Bug 52890 - Revision 185336 causes 10% degradation on cpu2000 benchmark 252.eon
Summary: Revision 185336 causes 10% degradation on cpu2000 benchmark 252.eon
Status: RESOLVED FIXED
Alias: None
Product: gcc
Classification: Unclassified
Component: middle-end (show other bugs)
Version: 4.8.0
: P3 normal
Target Milestone: ---
Assignee: Martin Jambor
URL:
Keywords:
Depends on:
Blocks:
 
Reported: 2012-04-06 16:59 UTC by Pat Haugen
Modified: 2012-12-03 13:25 UTC (History)
3 users (show)

See Also:
Host: powerpc64-linux
Target: powerpc64-linux
Build: powerpc64-linux
Known to work:
Known to fail:
Last reconfirmed: 2012-04-10 00:00:00


Attachments
Reduced testcase (332 bytes, text/plain)
2012-09-12 23:04 UTC, Pat Haugen
Details

Note You need to log in before you can comment on or make changes to this bug.
Description Pat Haugen 2012-04-06 16:59:10 UTC
Following testcase extracted from benchmark file mrXZRectangle.cc.

$ cat test.cc
// g++ -m64 -O2 -mcpu=power7 -S test.cc
class ggVector3 {
public:
    ggVector3() {e[0] = 1.0; e[1] = e[2] = 0.0; }
    ggVector3(double e0, double e1, double e2) {
                   e[0] = e0; e[1] = e1; e[2] = e2; }
    double e[3];
};

class ggONB3 {
public:
    ggONB3() {  }
    ggONB3(const ggVector3& a, const ggVector3& b, const ggVector3& c) {
         U = a; V = b; W = c; }
private:
    ggVector3 U,V,W;
};

class mrViewingHitRecord {
public:
    ggONB3 UVW;
};

void foo(mrViewingHitRecord& VHR)
{

      VHR.UVW = ggONB3(ggVector3 (1, 0, 0),
                       ggVector3 (0, 0, -1),
                       ggVector3 (0, 1, 0));
}

Revision 185335 produces tight sequence of 8-byte stores:

        stfd 0,8(3)
        stfd 0,16(3)
        stfd 0,24(3)
        stfd 0,32(3)
        ...

Revision 185336, with additional check for SLOW_UNALIGNED_ACCESS now causes path through store_bit_field() which generates a much larger sequence of byte stores.

        stb 8,0(3)
        stb 10,1(3)
        stb 9,2(3)
        stb 9,3(3)
        stb 9,4(3)
        stb 9,5(3)
        ...
Comment 1 Pat Haugen 2012-04-06 21:13:04 UTC
My main question on this is why the MEM_REF has an alignment of 8 (i.e. byte)?

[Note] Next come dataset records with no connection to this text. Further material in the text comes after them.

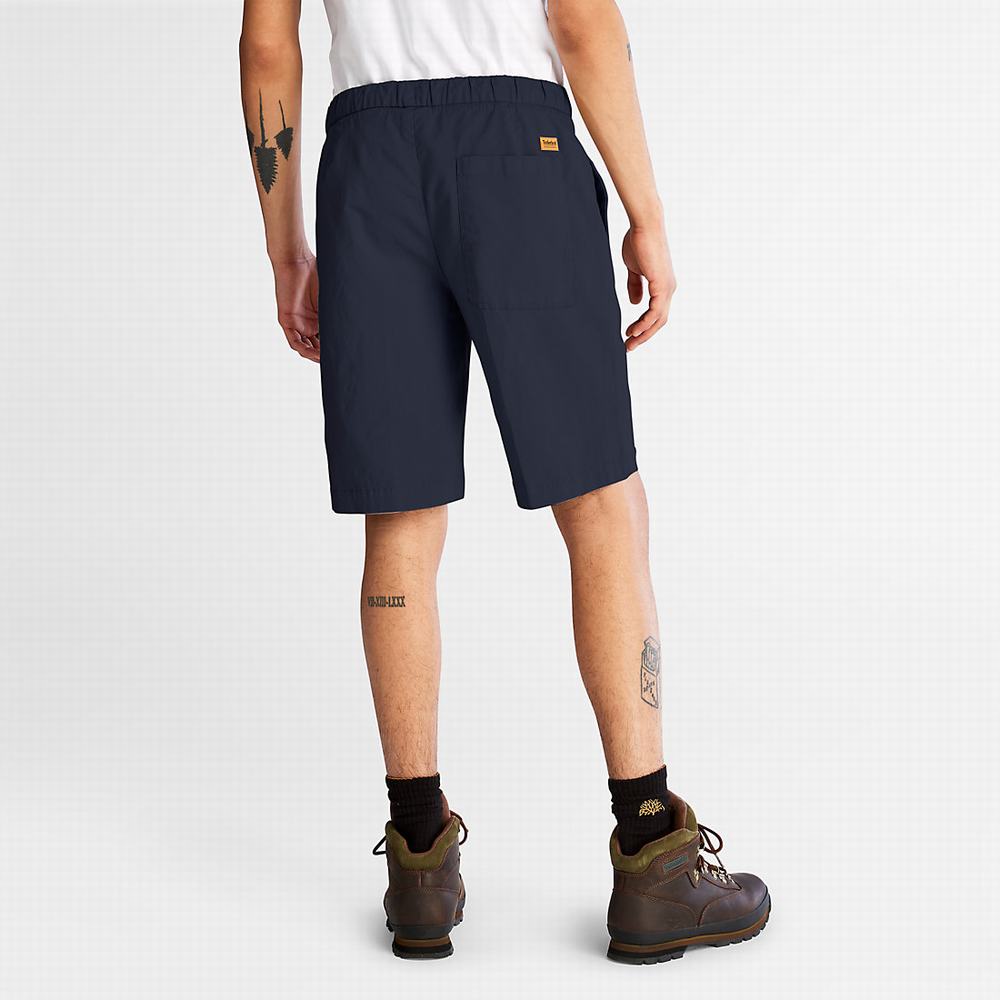 Pánské Šortky Timberland Bavlněné and Linen-Blend Tmavě Blankyt | TI19628-389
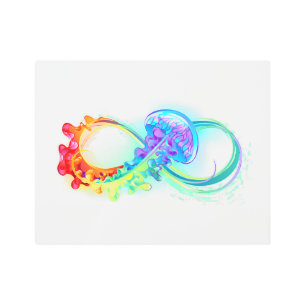 Infinity with Rainbow Jellyfish Metal Print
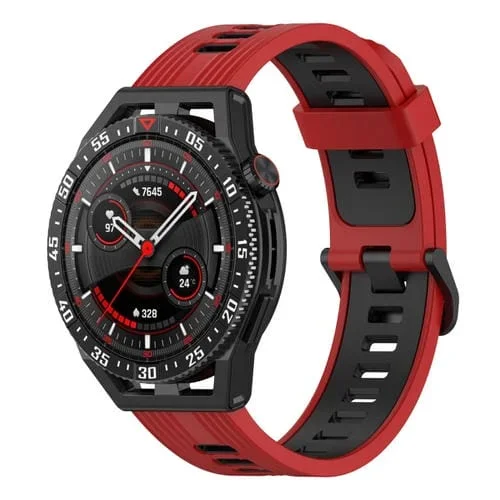 Correa de Reloj Silicona para Garmin Venu 2 22mm (Rojo + Negro)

Breakpoint 1, expand_assignment (to=0xfffafed2790, from=<optimized out>, 
    nontemporal=<optimized out>) at /home/pthaugen/src/gcc/temp3/gcc/gcc/expr.c:4653
4653            store_bit_field (mem, GET_MODE_BITSIZE (mode),
(gdb) prt to
 <mem_ref 0xfffafed2790
    type <real_type 0xfffb0057b60 double DF
        size <integer_cst 0xfffafe125e0 constant 64>
        unit size <integer_cst 0xfffafe12600 constant 8>
        align 8 symtab 0 alias set 2 canonical type 0xfffaff00f18 precision 64>
   
    arg 0 <ssa_name 0xfffb00e1d60
        type <reference_type 0xfffb0055f28 type <record_type 0xfffb0055d30 mrViewingHitRecord>
            public unsigned DI size <integer_cst 0xfffafe125e0 64> unit size <integer_cst 0xfffafe12600 8>
            align 64 symtab 0 alias set 6 canonical type 0xfffb0055f28>
        visited var <parm_decl 0xfffafe41980 VHR>def_stmt GIMPLE_NOP

        version 1
        ptr-info 0xfffafe9af80>
    arg 1 <integer_cst 0xfffafe19b80 type <reference_type 0xfffb0055f28> constant 0>
    test.cc:29:44>
(gdb) pr mem
(mem:DF (reg/v/f:DI 120 [ VHR ]) [5 MEM[(struct mrViewingHitRecord &)VHR_1(D)]+0 S8 A8])
Comment 2 Richard Biener 2012-04-10 12:06:26 UTC
(gdb) prt to
 <mem_ref 0xfffafed2790
    type <real_type 0xfffb0057b60 double DF
        size <integer_cst 0xfffafe125e0 constant 64>
        unit size <integer_cst 0xfffafe12600 constant 8>
        align 8 symtab 0 alias set 2 canonical type 0xfffaff00f18 precision 64>

I suppose SRA does this.  Can you check with -fno-tree-sra?

The code in SRA, which is

  /* If prev_base were always an originally performed access
     we can extract more optimistic alignment information
     by looking at the access mode.  That would constrain the
     alignment of base + base_offset which we would need to
     adjust according to offset.  */
  align = get_pointer_alignment_1 (base, &misalign);
  if (misalign == 0
      && (TREE_CODE (prev_base) == MEM_REF
          || TREE_CODE (prev_base) == TARGET_MEM_REF))
    align = MAX (align, TYPE_ALIGN (TREE_TYPE (prev_base)));
  misalign += (double_int_sext (tree_to_double_int (off),
                                TYPE_PRECISION (TREE_TYPE (off))).low
               * BITS_PER_UNIT);
  misalign = misalign & (align - 1);
  if (misalign != 0)
    align = (misalign & -misalign);
  if (align < TYPE_ALIGN (exp_type))
    exp_type = build_aligned_type (exp_type, align);

only looks at conservative alignment in this case (prev_base is not a base,
but a COMPONENT_REF).  I think martin has a patch to fix this.
Comment 3 Pat Haugen 2012-04-10 16:13:49 UTC
(In reply to comment #2)
> (gdb) prt to
>  <mem_ref 0xfffafed2790
>     type <real_type 0xfffb0057b60 double DF
>         size <integer_cst 0xfffafe125e0 constant 64>
>         unit size <integer_cst 0xfffafe12600 constant 8>
>         align 8 symtab 0 alias set 2 canonical type 0xfffaff00f18 precision 64>
> 
> I suppose SRA does this.  Can you check with -fno-tree-sra?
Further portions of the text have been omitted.